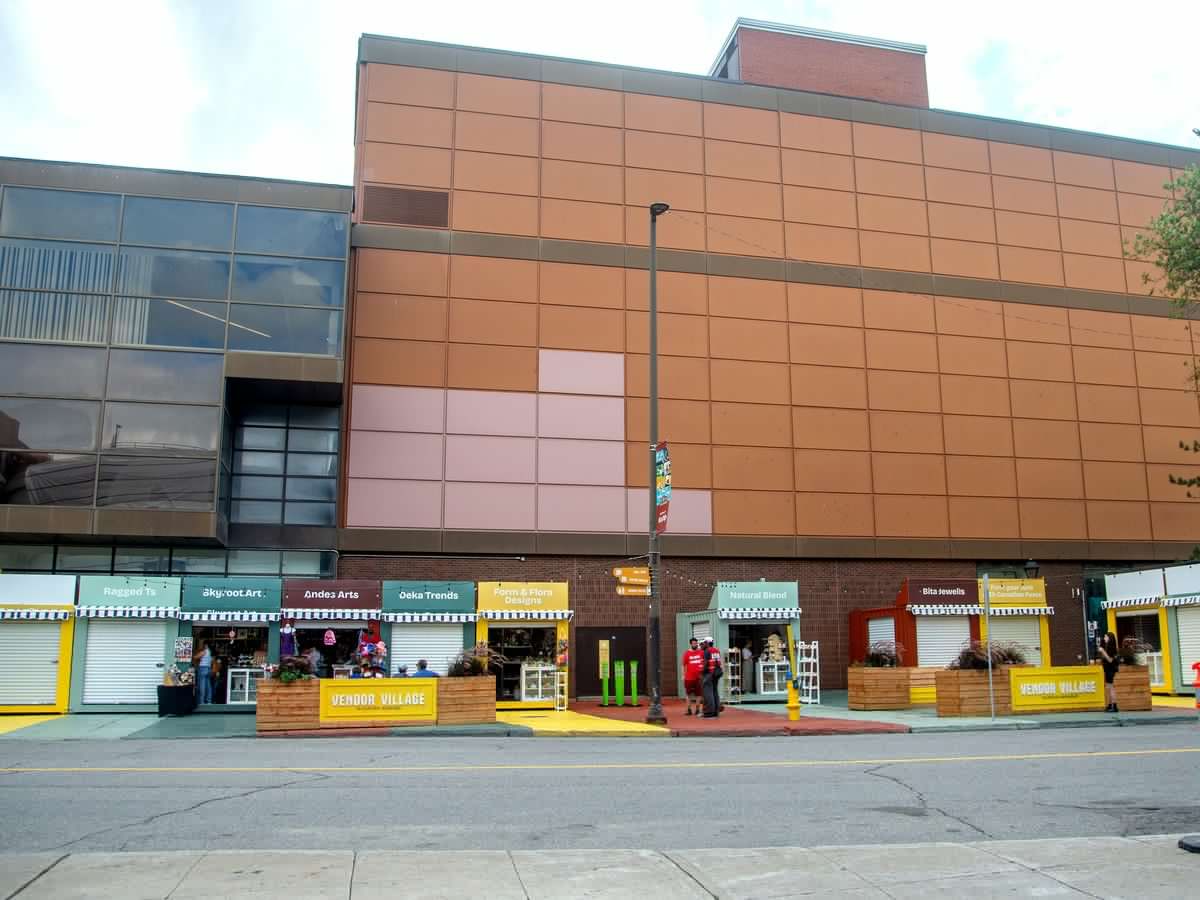 Why open cargo container shops in the ByWard Market?  | Letters to the Editor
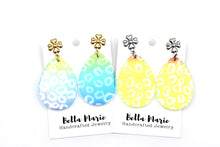Load image into Gallery viewer, Leopard Print Egg Earrings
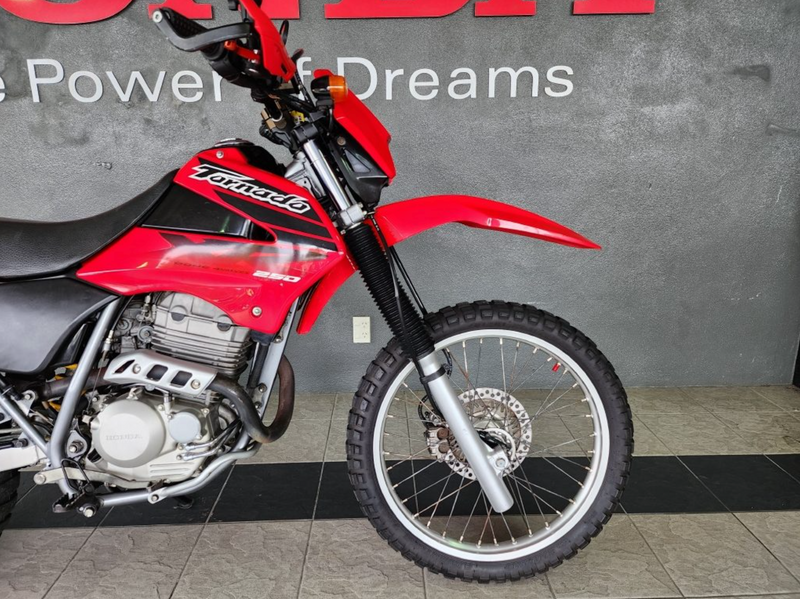 2004 Honda XR250 Tornado : Stock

Exercise goal:
Leave out the pictures. Transcribe the rest of the listing above exactly.

Reply to the task:
 Why open cargo container shops in the ByWard Market?  | Letters to the Editor
Load image into Gallery viewer, Leopard Print Egg Earrings
 2004 Honda XR250 Tornado : Stock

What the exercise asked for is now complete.